Readers’ Discretion Thoroughly Advised.

So you have a college education from the North. You’re no longer Christian – hell you don’t even believe in God – and you think that prayer is for the faint-hearted. You’ve dined with the pretty and the handsome – the bold and the beautiful – and have wholeheartedly embraced the liberal rhetoric – the why this’ and the why that’s. You’ve pretty much jumped ship, perhaps, right unto that bandwagon that seem to preach that racism ended in 66’. Well, good for you.

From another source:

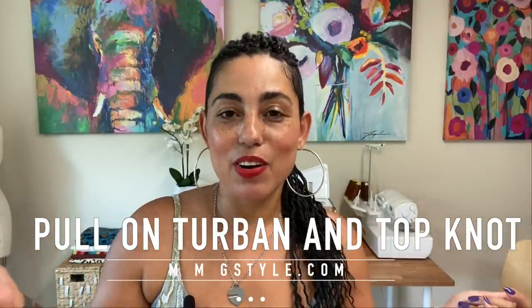Hi guys, Mimichi here. Welcome back to my channel. Today I'm going to show you how to make a quick and easy turban with the option to have a beautiful front top knot. Let's get started.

You don’t think a big black man dressing up as a big black grandma is funny. Nor that, she teaches you any good lessons. Why? Because you took a couple of classes in film – hell you even went to film school – and you learned all about black film aesthetics, the mammy, and all that. Your professor also probably told you that Sweet Sweetback’s Badasssss Song (how many sssss?) was a great movie and thence you learned about Blaxploitation and all that history about the LA Rebellion Black Film movement. Well, isn’t that great?

But what has all that got to do with Mister Tyler Perry? You follow the news, you read everything about Mister Spike Lee (great filmmaker by the way) but you follow Tyler Perry even more fervently. Why? You don’t like his so-called coonery and buffoonery.

You’ll pay to watch Killer Of Sheep in the theaters and you will die to have Miracle At Saint Anna make shit loads of money at the box office. You look forward to the day that Precious can hold its own without Oprah and Tyler Perry. And lest I forget, you’d probably be Jumping The Broom ahead of yourself before ever getting Married Too.

Well, here’s the thing. Bashing Tyler Perry every second of your life does not make you smart. Just because Mister Spike Lee says something (I believe out of frustration to which he must deeply apologize for) doesn’t mean it’s correct and that you should say it too. It doesn’t even make it seem like you understand the bigger picture of what is going on in black cinema (if there’s any such category). Oh, I forgot, you went to college and you’re in the deconstructionist’s camp with Mister Stuart Hall, huffing and puffing, ‘what the hell does black cinema mean anyway?’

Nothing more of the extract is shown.